I kept his palm against my cheek, savoring the warmth of him before he tugged it free.
“Now, I need you to go with Willow.”
“No…I’m not leaving you.”
“Eme, I—”
“No, I’m staying. You will not leave this world alone.”
He was too weak to argue. I lay down next to him on my uninjured side and curled my arm under my head as a pillow.
He cradled my hand on his chest, and I watched it faintly rise and fall.
Willow walked up on his other side, and now that I was getting a better look at her, she looked exhausted.
Both her tawny hands glowed as she examined him, and he grabbed one of her wrists.
“It’s okay, Willow, thank you. You can let me go now.
I’m ready to be with my wife.” His words clawed and shredded my already broken heart, reminding me that I had not only lost my mother, but now I would lose him too.
Willow had been keeping him alive with her abilities this whole time.
I could tell she had gotten no sleep with the amount of people in bedrolls she and the handful of other elders were tending to.
Her brow scrunched in pain at the thought of letting a patient go.
A leader, friend, and father.
She shook her head and looked away before looking at me. “It won’t be long without me tending to him.”

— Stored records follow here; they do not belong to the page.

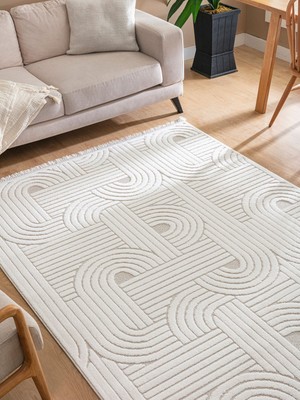 Instagram Casablanca Halı CB03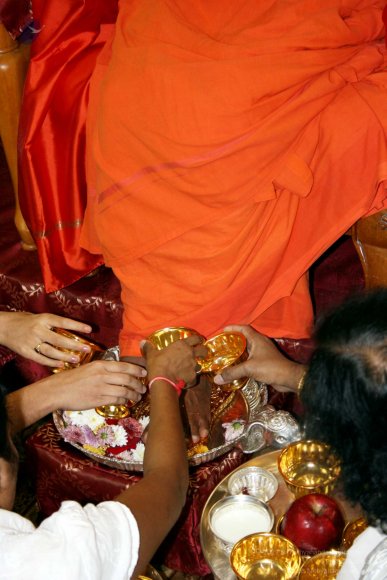 20091024TO25_IMG_738201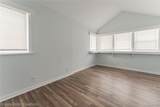 202 Rundell - Photo 15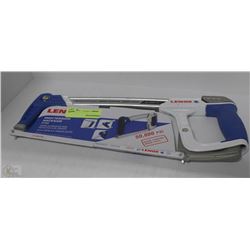LENOX HI TENSION HACK SAW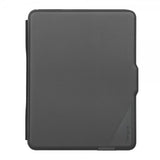 Targus iPad 10.9/11/Air 10.9/Air 11/Pro 11 VersaVu Bluetooth Keyboard Case Nordic, musta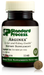 Arginex®, 90 Tablets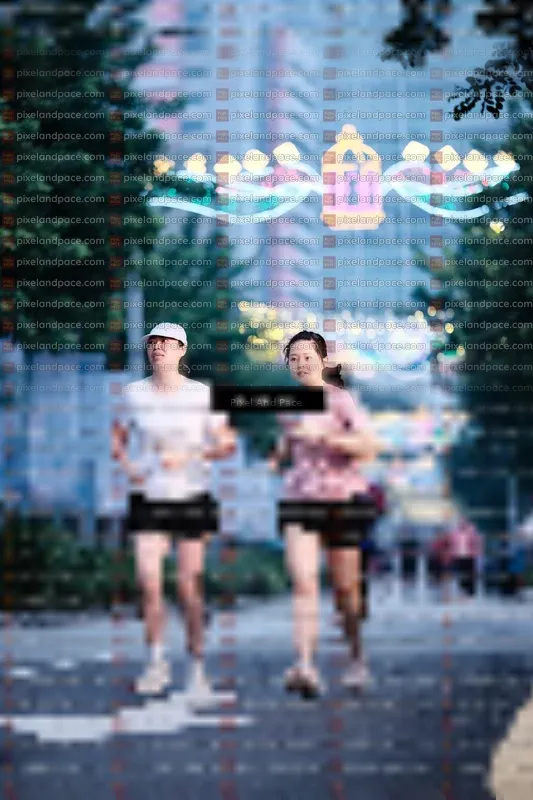 Photo ID 8605357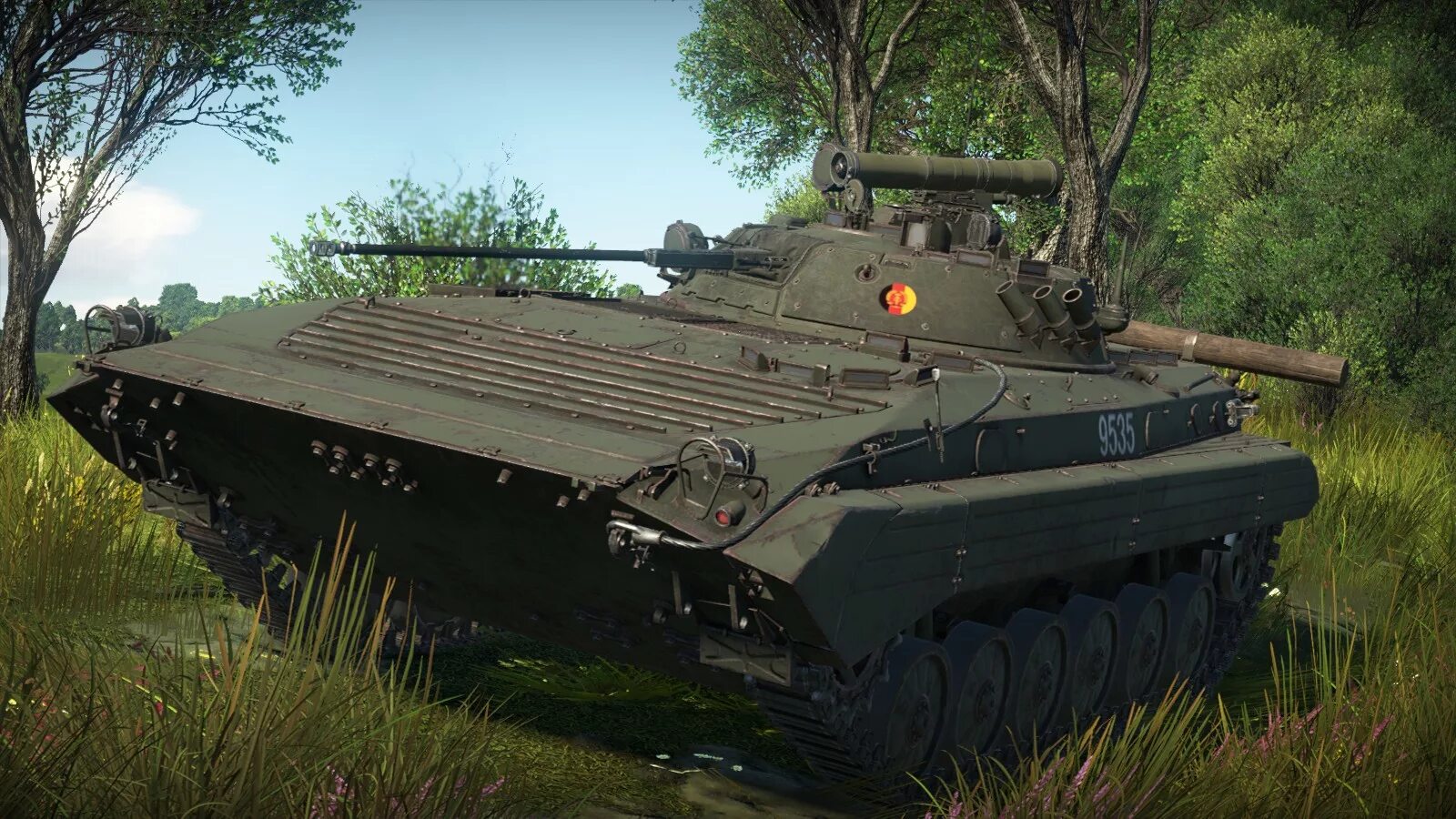 Object 30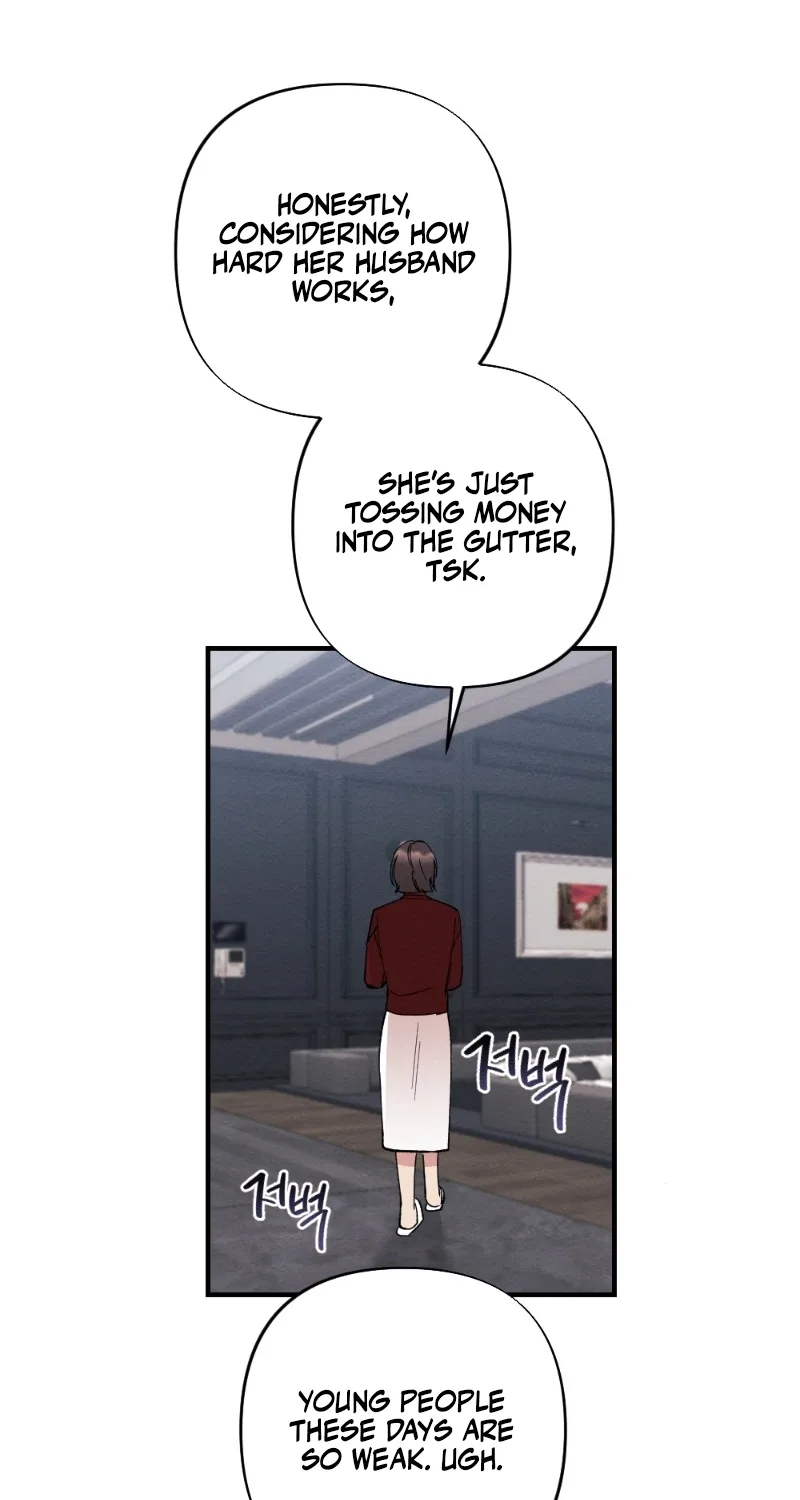 Encroachment Chapter 37 page 53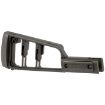 Picture of Mi Lever Action Stock Henry Long Ranger Straight Grip Blk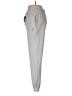 Assorted Brands Gray Sweatpants Size M - photo 5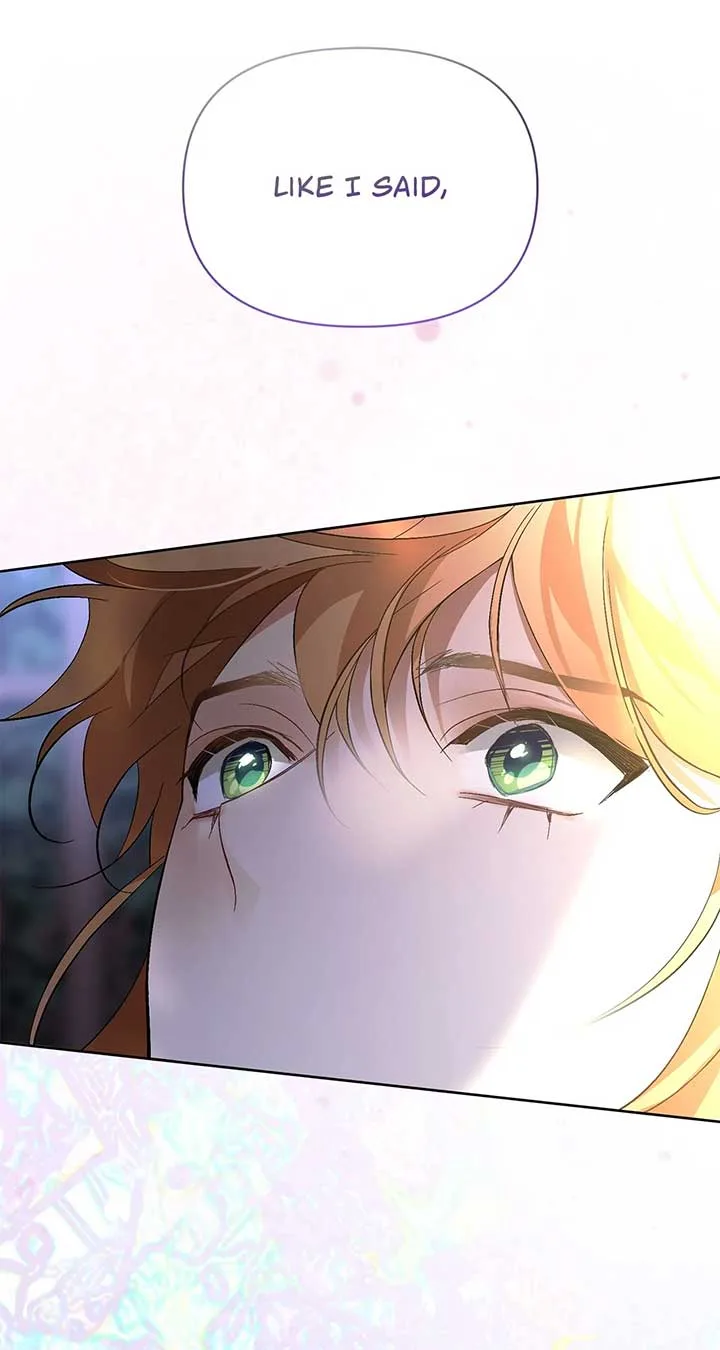 Looking For The Villainess Whom I Spent My First Time With Chapter 30 page 61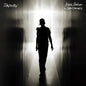 Dave Gahan & Soulsavers - Imposter - VINYL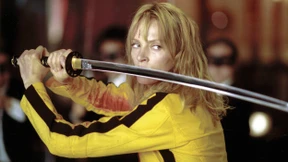 Kill-Bill-Restaurant schließt, wie Gouverneurin es wünscht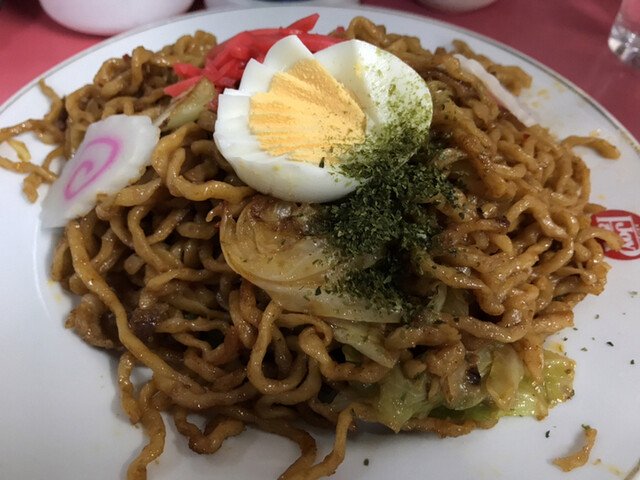 餃子ショップ 湯河原 餃子 食べログ 餃子ショップ 湯河原 餃子 食べログ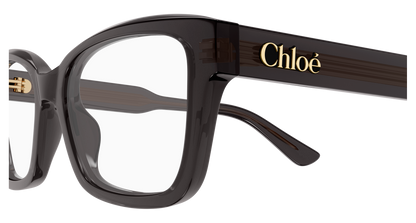 CHLOÉ CH0380O 001 51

I nodded at her truth. My heart sank to the pits of my gut.
A numbness fell over me as I laid my head back down and peered over at my father on his deathbed.
I studied each curve, every line of his appearance, branding all the memories we had together in my heart to be sure I’d never forget them and everything that he was—and would always be to me.
My tears slipped freely as my face remained fierce. Willow used a damp rag and dabbed his face one last time as she murmured under her breath.
“For eternity, let the light of the Mother find you and bring you peace on your next journey. Your fight in this life is finished…Until we meet again,” she said, her last goodbye what we did to those who left us, before she stood to tend to her other patients.
My father’s eyes remained closed. He looked at peace.
I lightly squeezed his hand, and he returned the action.
I lay there for what felt like hours, but it was only a few more moments until his fingers went slack and his chest fell for the last time.
I scooted close to him. Tears blurred my vision as I buried my head into his chest and let all my broken pieces fall away until I was nothing but a hollow shell.
He was gone, and I was nothing short of lost.